··· Records supplied ···

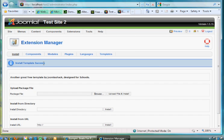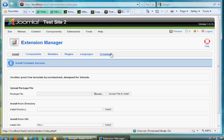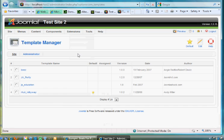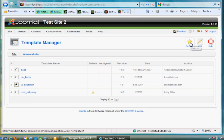So now I know it's installed. If I wanted to uninstall it, I would click on Templates over here and then I could run an uninstaller. But now I can go to Extensions, Template Manager, and there it is. It's listed as an extension right here. I can select it and then click on the star to make it the default.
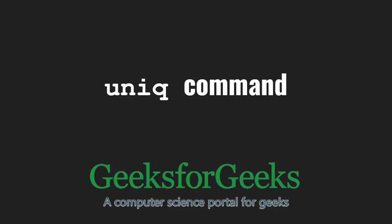Hello friends and welcome to GeeksforGeeks. In this video, we are going to learn about the uniq command in Linux.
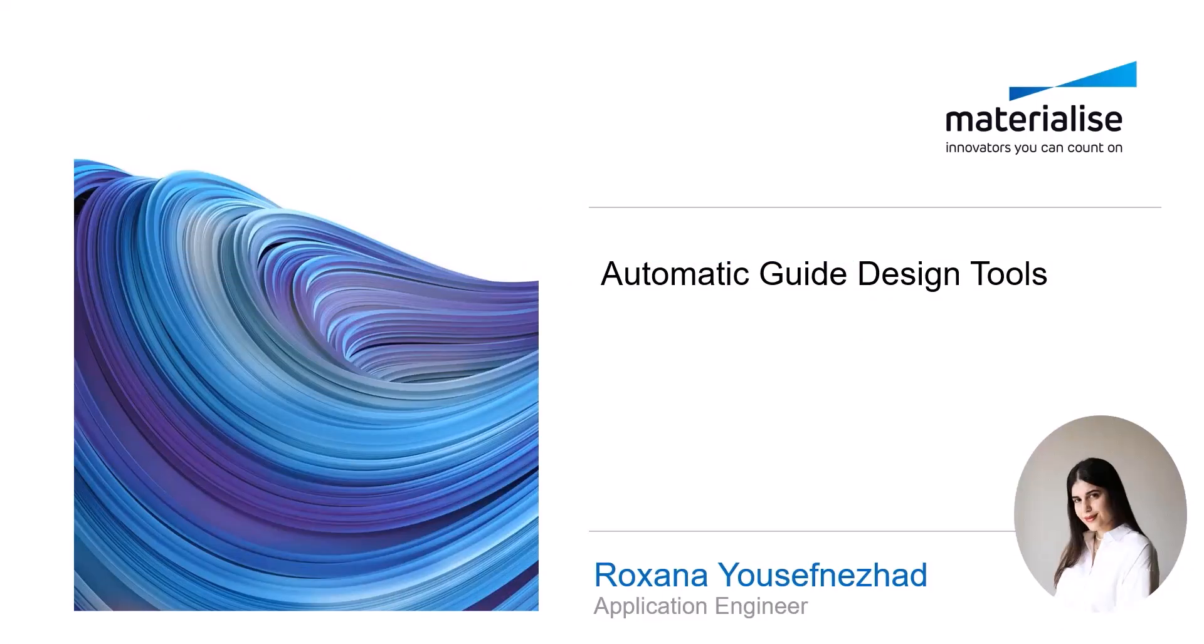Hello, my name is Roxana. I'm an application engineer at Materialize, and today I'm going to show you how to create guides using our automatic tools.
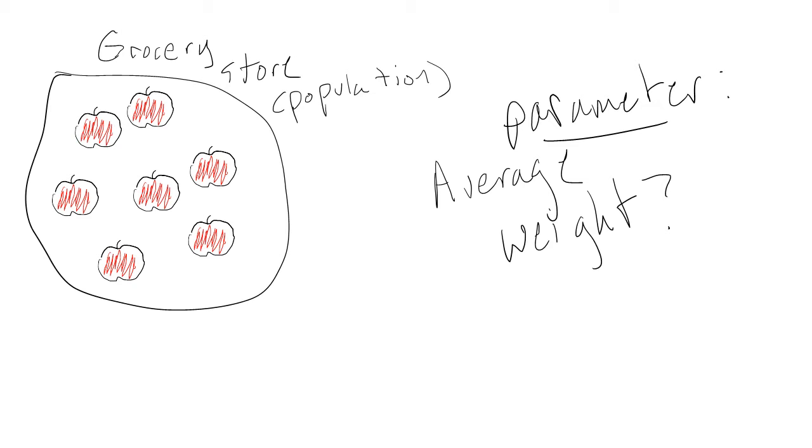Either way, this seems like a lot of work. What if we did not need to know the exact average, and an accurate estimate would be good enough?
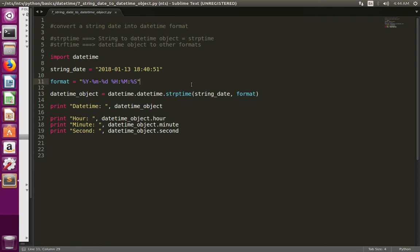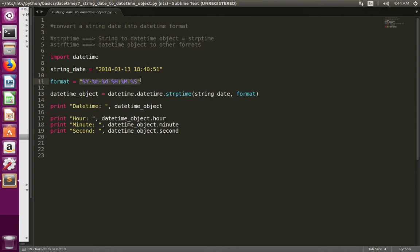This video shows how to convert a string date to Python datetime object. Here is a string date which I need to convert, and this is the format I need to convert the string date to this format.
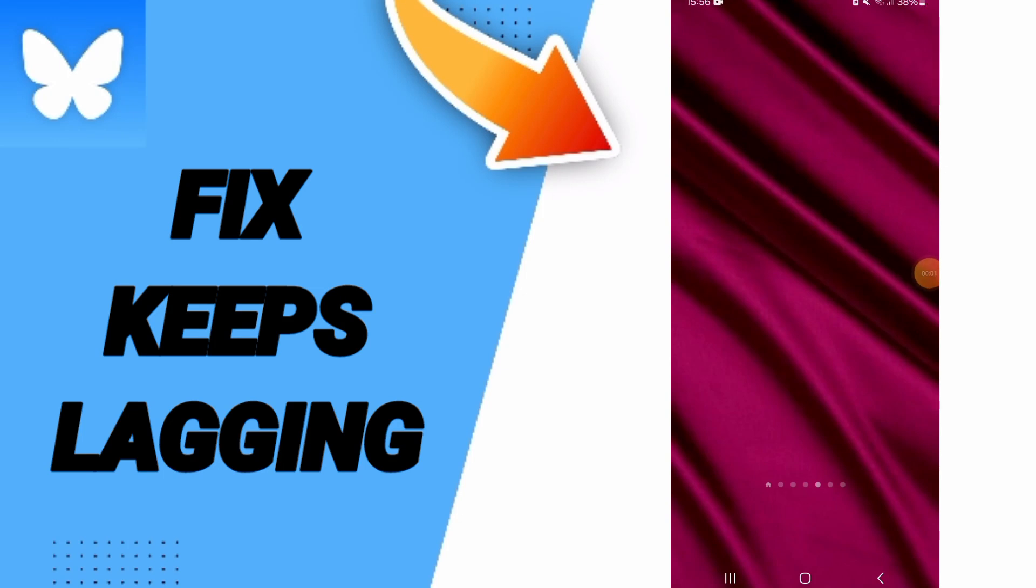Hi everybody, today we will talk about how to fix or solve the problem of keeps logging on the application of Bluesky.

···

Please return, exactly and with pictures omitted, the lines from the line holding "Hello friends and" through the end of the data above, inclusive.

Hello friends and welcome to GeeksforGeeks. In this video, we are going to learn about the uniq command in Linux.
Hello, my name is Roxana. I'm an application engineer at Materialize, and today I'm going to show you how to create guides using our automatic tools.
Either way, this seems like a lot of work. What if we did not need to know the exact average, and an accurate estimate would be good enough?
This video shows how to convert a string date to Python datetime object. Here is a string date which I need to convert, and this is the format I need to convert the string date to this format.
Hi everybody, today we will talk about how to fix or solve the problem of keeps logging on the application of Bluesky.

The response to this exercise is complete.